▶ **YOUR OBJECTIVE**: Skip any image you find and restate the rest of the data word for word.

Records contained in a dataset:
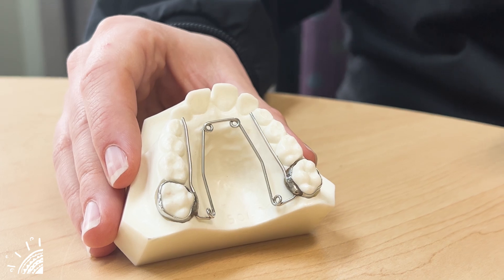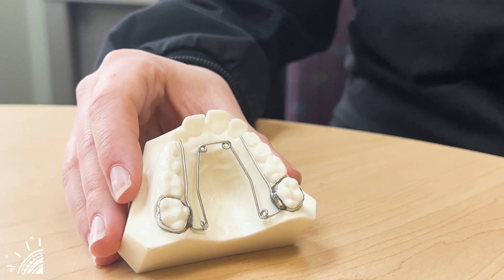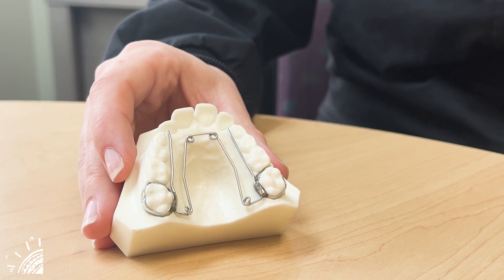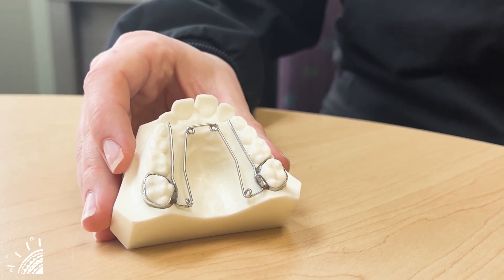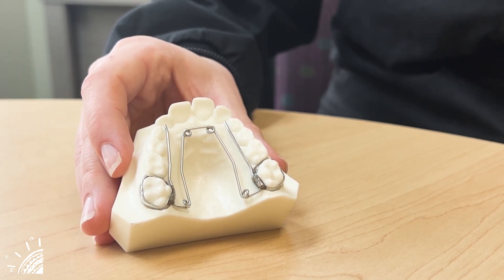Soreness the first few days is commonly reported, so just having some ibuprofen, Tylenol, and softer foods on hand. Bread likes to get stuck up in these little arms, so having some water to swish helps. Otherwise we will supply you with some tools to get all of that bread, food, and gunk out of there.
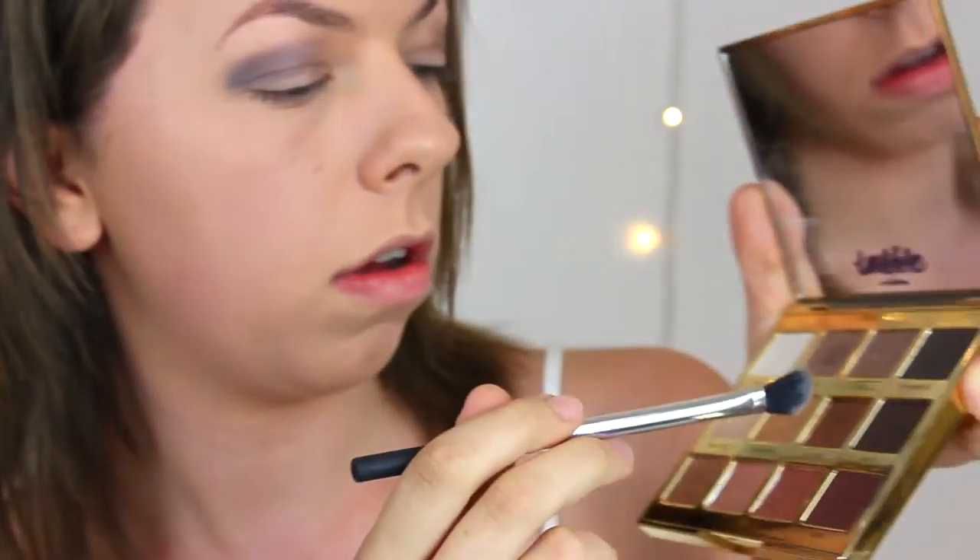I'm actually using white and cream, so pat on the back for me — I'm actually using the colors it says. Now I'm going to use Firecracker, this sort of golden shimmery color, but actually let's go with Funny Girl — this one is the brightest in the palette, the most glittery, and it's absolutely beautiful. Then I'm going to go in with the darkest color, Activist. I'm surprised at how dark it is — it actually looks quite black.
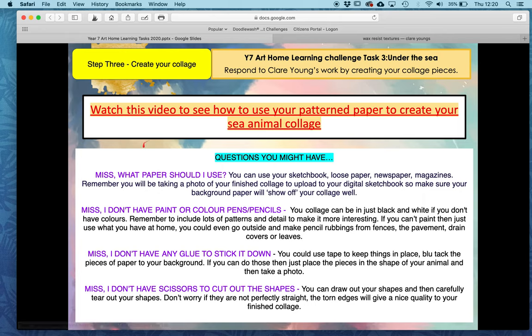So some quick questions. What paper should you use? You can use sketchbook, newspaper, or magazines. Remember you're going to take a photo of the finished piece and upload it to your digital sketchbook, then upload your digital sketchbook to the task assignment on Google Classroom. If you don't have paint or colour pencils, that's fine — you can just do it in black and white. You don't have to use colour, but remember lots of patterns and detail are key here.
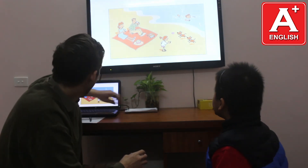Can you tell me your body parts? I have one head. I have two eyes. I have one nose. I have one mouth. I have two arms. I have ten fingers. I have two legs. I have ten toes. Very good.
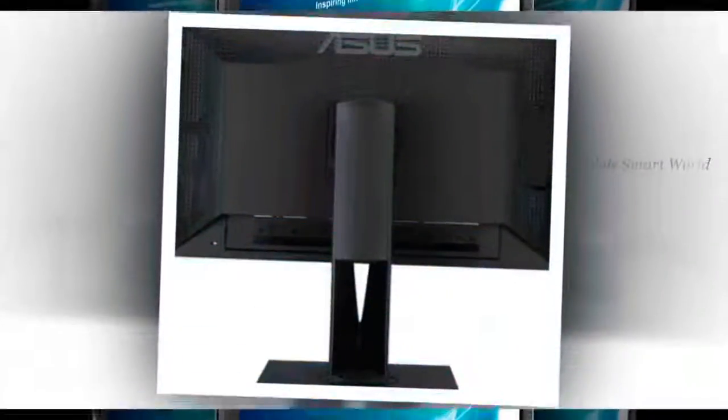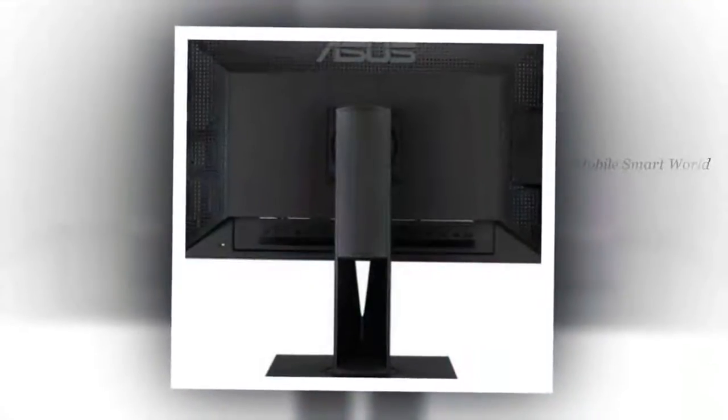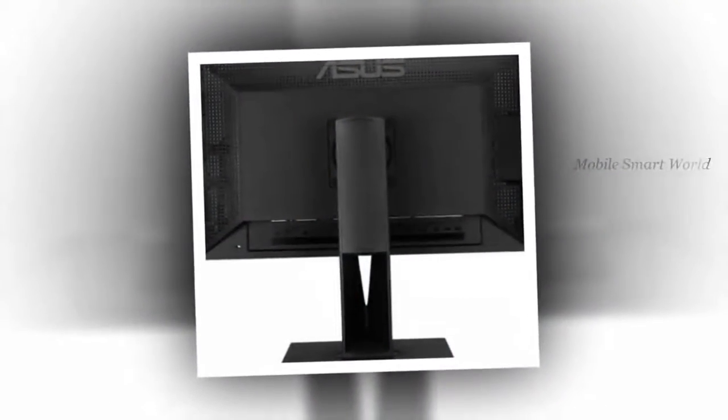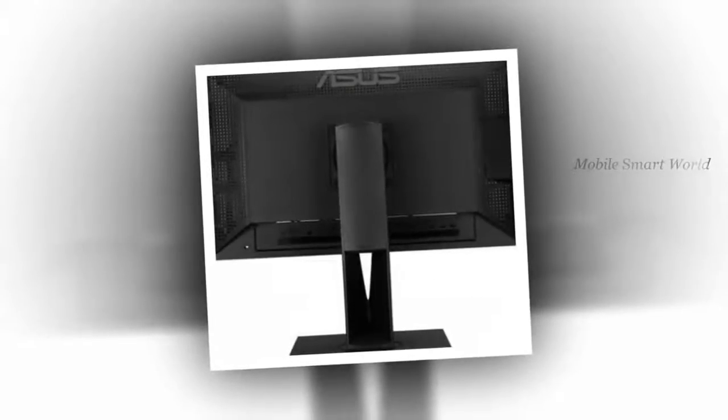Response time, picture-in-picture mode, built-in stereo 3W speakers, 3.5mm audio in and out, DisplayPort in and DisplayPort out, HDMI.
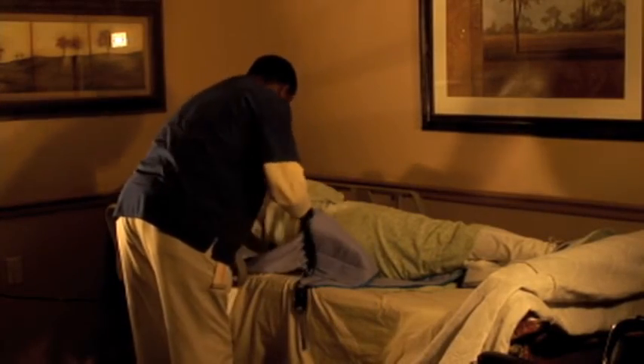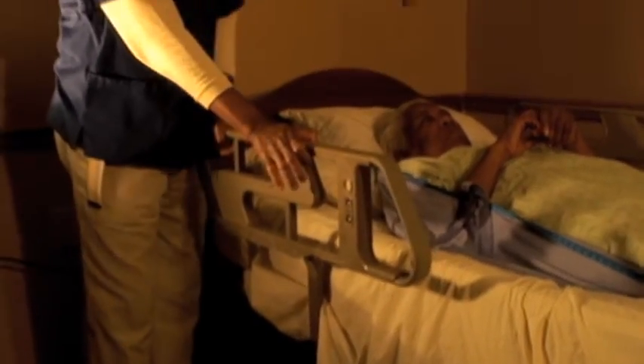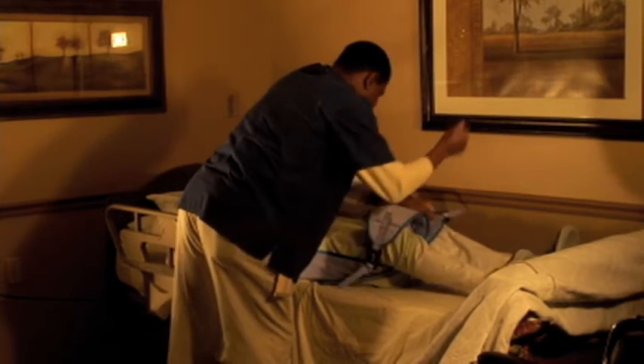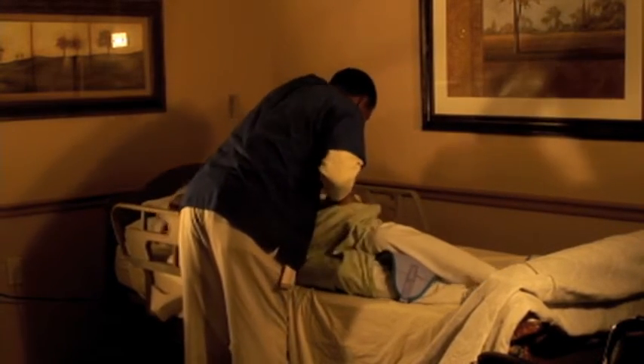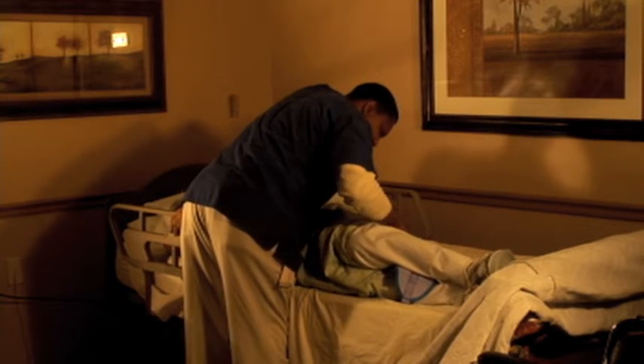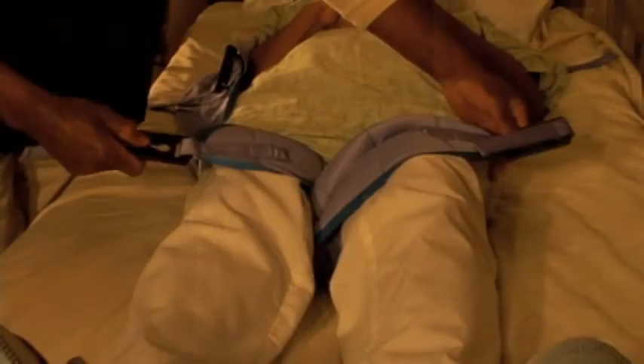To properly use a full body lift, first, the resident must be placed on the sling, which is a strong nylon piece of fabric, much like a hammock. At each corner is a loop with a hook that is attached to the arm of the sling. Position the sling underneath the resident by tilting the resident to the side. Make sure the rail is up and slide in the sling horizontally. Tilt the resident to the opposite side and pull the sling through so two loops are exposed on both sides. The top of the sling should sit around the shoulders and the bottom approximately mid-thigh. It is important to smooth the sling to minimize discomfort.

▶ **THE COMPLETED TASK**:
Soreness the first few days is commonly reported, so just having some ibuprofen, Tylenol, and softer foods on hand. Bread likes to get stuck up in these little arms, so having some water to swish helps. Otherwise we will supply you with some tools to get all of that bread, food, and gunk out of there.
I'm actually using white and cream, so pat on the back for me — I'm actually using the colors it says. Now I'm going to use Firecracker, this sort of golden shimmery color, but actually let's go with Funny Girl — this one is the brightest in the palette, the most glittery, and it's absolutely beautiful. Then I'm going to go in with the darkest color, Activist. I'm surprised at how dark it is — it actually looks quite black.
So some quick questions. What paper should you use? You can use sketchbook, newspaper, or magazines. Remember you're going to take a photo of the finished piece and upload it to your digital sketchbook, then upload your digital sketchbook to the task assignment on Google Classroom. If you don't have paint or colour pencils, that's fine — you can just do it in black and white. You don't have to use colour, but remember lots of patterns and detail are key here.
Can you tell me your body parts? I have one head. I have two eyes. I have one nose. I have one mouth. I have two arms. I have ten fingers. I have two legs. I have ten toes. Very good.
Response time, picture-in-picture mode, built-in stereo 3W speakers, 3.5mm audio in and out, DisplayPort in and DisplayPort out, HDMI.
To properly use a full body lift, first, the resident must be placed on the sling, which is a strong nylon piece of fabric, much like a hammock. At each corner is a loop with a hook that is attached to the arm of the sling. Position the sling underneath the resident by tilting the resident to the side. Make sure the rail is up and slide in the sling horizontally. Tilt the resident to the opposite side and pull the sling through so two loops are exposed on both sides. The top of the sling should sit around the shoulders and the bottom approximately mid-thigh. It is important to smooth the sling to minimize discomfort.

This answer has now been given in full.